§ **WHAT YOU NEED TO DO**
Only the number is wanted: how many lines below contain "hand"?

§ **RAW DATA**
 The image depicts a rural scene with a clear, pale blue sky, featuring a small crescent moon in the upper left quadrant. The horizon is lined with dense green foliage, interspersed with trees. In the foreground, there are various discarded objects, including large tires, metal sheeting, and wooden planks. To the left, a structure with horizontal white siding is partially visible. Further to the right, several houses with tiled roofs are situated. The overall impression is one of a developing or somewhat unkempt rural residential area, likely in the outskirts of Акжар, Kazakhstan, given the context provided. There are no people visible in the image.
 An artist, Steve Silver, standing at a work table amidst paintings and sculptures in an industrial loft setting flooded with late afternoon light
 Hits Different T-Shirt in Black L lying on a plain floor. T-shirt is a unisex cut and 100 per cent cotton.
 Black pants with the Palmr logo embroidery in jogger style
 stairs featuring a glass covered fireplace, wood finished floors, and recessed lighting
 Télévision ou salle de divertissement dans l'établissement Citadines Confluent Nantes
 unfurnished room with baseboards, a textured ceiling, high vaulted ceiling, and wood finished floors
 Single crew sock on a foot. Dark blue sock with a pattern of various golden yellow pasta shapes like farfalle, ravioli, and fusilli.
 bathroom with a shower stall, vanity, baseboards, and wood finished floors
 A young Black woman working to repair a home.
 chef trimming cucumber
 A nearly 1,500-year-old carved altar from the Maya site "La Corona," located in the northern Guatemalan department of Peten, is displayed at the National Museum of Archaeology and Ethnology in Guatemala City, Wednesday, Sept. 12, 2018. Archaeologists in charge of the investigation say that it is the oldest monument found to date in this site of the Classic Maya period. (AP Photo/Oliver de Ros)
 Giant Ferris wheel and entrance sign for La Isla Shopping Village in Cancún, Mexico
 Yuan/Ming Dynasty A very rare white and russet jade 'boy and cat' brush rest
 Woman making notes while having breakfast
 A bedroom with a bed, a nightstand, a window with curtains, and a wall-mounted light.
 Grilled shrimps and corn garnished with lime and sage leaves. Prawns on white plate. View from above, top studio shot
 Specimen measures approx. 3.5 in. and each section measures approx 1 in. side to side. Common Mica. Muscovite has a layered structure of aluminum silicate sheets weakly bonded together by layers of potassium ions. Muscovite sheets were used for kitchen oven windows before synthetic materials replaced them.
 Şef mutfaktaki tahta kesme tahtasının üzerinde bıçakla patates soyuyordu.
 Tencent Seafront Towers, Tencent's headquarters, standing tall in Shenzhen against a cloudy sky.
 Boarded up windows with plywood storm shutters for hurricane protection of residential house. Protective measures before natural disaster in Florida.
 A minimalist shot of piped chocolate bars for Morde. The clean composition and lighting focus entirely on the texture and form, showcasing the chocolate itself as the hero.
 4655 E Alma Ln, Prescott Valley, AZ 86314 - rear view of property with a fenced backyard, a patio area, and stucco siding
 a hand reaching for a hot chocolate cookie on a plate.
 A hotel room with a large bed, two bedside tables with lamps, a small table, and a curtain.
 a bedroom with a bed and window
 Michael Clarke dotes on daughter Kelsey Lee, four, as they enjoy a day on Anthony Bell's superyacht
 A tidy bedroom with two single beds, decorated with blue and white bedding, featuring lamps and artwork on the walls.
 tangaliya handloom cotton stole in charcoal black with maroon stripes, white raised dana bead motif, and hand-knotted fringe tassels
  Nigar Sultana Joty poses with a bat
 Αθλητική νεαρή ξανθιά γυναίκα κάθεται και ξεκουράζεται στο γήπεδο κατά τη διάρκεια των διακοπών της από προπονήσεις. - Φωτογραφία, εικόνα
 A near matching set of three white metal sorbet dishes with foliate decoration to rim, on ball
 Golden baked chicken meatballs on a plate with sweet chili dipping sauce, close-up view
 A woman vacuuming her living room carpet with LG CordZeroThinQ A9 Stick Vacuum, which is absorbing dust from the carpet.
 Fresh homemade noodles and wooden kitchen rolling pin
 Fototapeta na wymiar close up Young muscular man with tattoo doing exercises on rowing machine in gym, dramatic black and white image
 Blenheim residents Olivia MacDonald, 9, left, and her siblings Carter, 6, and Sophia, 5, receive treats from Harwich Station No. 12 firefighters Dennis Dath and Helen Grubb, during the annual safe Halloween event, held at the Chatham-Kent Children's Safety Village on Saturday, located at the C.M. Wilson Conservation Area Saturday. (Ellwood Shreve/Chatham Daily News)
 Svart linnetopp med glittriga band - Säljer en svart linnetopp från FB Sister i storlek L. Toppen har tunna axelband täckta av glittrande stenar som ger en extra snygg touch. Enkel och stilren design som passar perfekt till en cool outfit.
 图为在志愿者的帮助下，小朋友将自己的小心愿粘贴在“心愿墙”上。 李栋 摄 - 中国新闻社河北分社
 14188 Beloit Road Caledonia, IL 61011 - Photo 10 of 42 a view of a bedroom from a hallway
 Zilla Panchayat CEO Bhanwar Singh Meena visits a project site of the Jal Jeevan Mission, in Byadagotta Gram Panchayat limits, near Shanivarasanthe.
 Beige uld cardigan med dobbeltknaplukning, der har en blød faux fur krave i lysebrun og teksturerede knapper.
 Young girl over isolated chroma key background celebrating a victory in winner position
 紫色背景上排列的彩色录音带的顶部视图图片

§ **EXPECTED OUTPUT**
2